The other school of thought — and this too has credible economists subscribing to it — believes that the pandemic’s shock will only exacerbate the crisis the economy found itself in earlier. The pre-pandemic economic slowdown was not a result of lack of second-generation reforms, but a lack of demand, they argue. India’s rich, while they are a significant number in absolute terms, are not enough to drive the country’s macro growth story. They might also have increased their precautionary savings in the wake of the pandemic.
It is the poor, who spend a much larger part of what they earn, sometimes even more, who matter for mass demand and hence growth. It is this large underclass, whose incomes took a hit from policies such as demonetisation and the Goods and Services Tax, which has also suffered disproportionately during the pandemic. While the policy response offered them subsistencelevel support through increased allocations on the rural employment guarantee scheme and free ration, it has not done much to provide what economists refer to as a fiscal counter-cyclical boost, which is the response of most governments to the threat of recession. On the contrary, the reforms might trigger a fresh income squeeze on this underclass. For instance, with the new farm laws, in the name of getting rid of local middlemen, farmers may be exposed to corporate buyers with much larger bargaining power than earlier. The labour reforms, under the recently released passed labour code bills might have done away with even basic protections at workplace. The current recovery is more likely to be profit-led than wage-led, economists are telling us. This also means that it has a much smaller base.
A people’s assessment
Both arguments have their merits, and their proponents. Interestingly, there are enough data points to support both arguments. If high-frequency indicators support one, consumer confidence surveys, support the other. And the comprehensive employment and consumption spending data (the best proxy for income data in India), indispensible for this debate to be settled, is as yet unavailable. This is exactly why the state of politics needs to be tracked as closely as the economy.

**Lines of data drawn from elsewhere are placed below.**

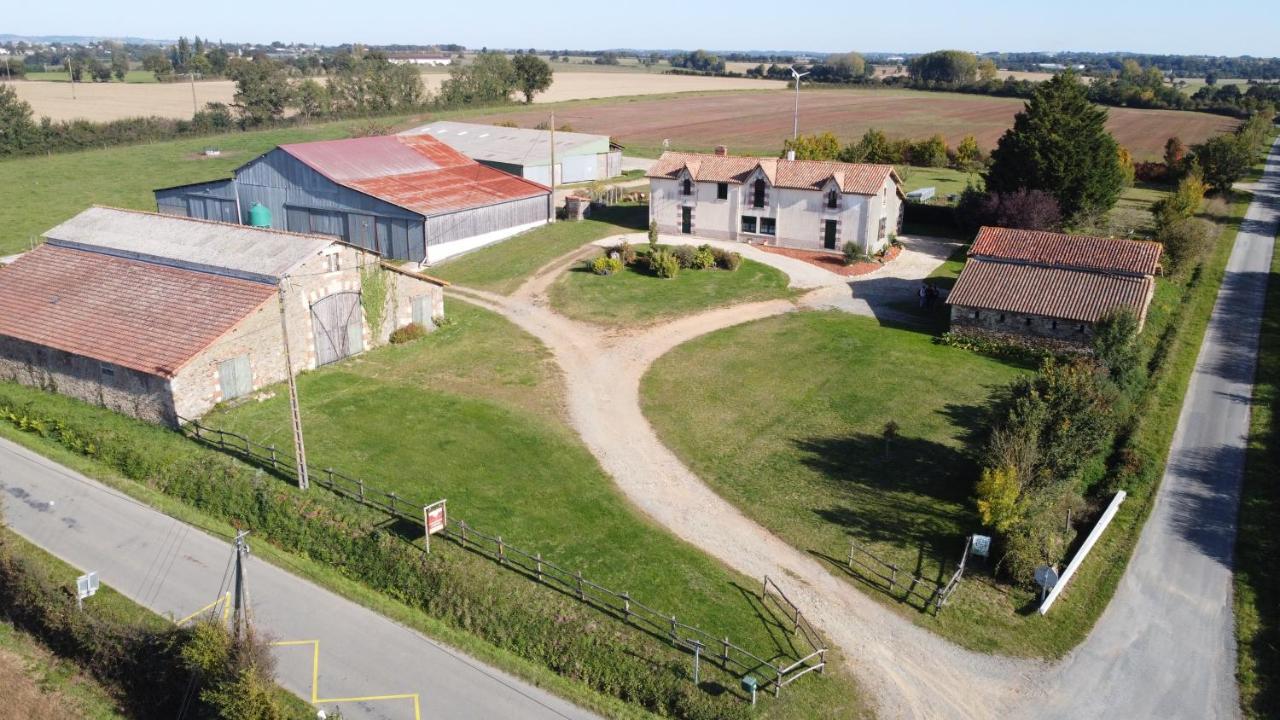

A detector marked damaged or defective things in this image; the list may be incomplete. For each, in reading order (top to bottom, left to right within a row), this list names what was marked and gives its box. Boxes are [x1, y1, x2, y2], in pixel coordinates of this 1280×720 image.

large barn with rusty red metal roof [151, 133, 550, 262]
large barn with rusty red metal roof [947, 224, 1167, 348] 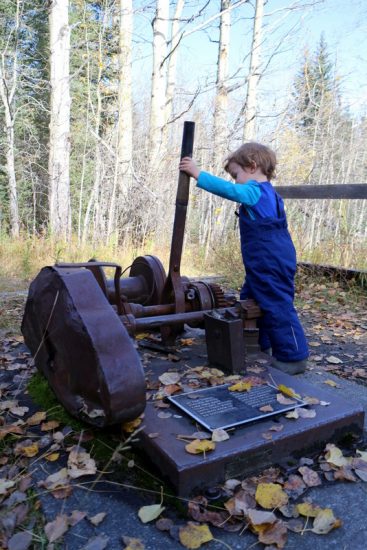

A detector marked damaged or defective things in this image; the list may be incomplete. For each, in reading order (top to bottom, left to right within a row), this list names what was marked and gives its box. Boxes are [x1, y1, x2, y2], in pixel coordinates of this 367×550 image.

rusty machinery [22, 123, 262, 430]
rusted metal base [138, 368, 366, 498] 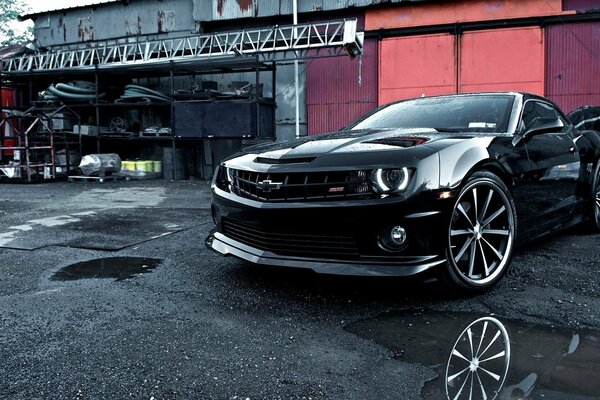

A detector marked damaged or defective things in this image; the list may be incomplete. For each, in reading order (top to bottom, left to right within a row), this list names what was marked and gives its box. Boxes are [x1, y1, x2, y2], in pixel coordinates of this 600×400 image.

In Narendra Modi, the Bharatiya Janata Party (BJP) has a leader whose popular appeal is unmatched by any Indian politician in decades. While there is a clear ideological, Hindutva component to Modi’s popularity, it is also based on a simultaneous process of delivering centralised welfare benefits to a large number of poor people.
The ability to keep delivering on this front depends on budgetary resources, themselves a function of overall economic growth. While moves such as demonetisation and the implementation of GST in Modi’s first term were portrayed as a surgical strike against the corrupt, the current reforms are being sold as changes which will boost the income of the poor.
Which is why, the only thing that can be said with certainty at this point of time is that the jury assessing the economy’s performance is likely to move beyond economists and include the people at large.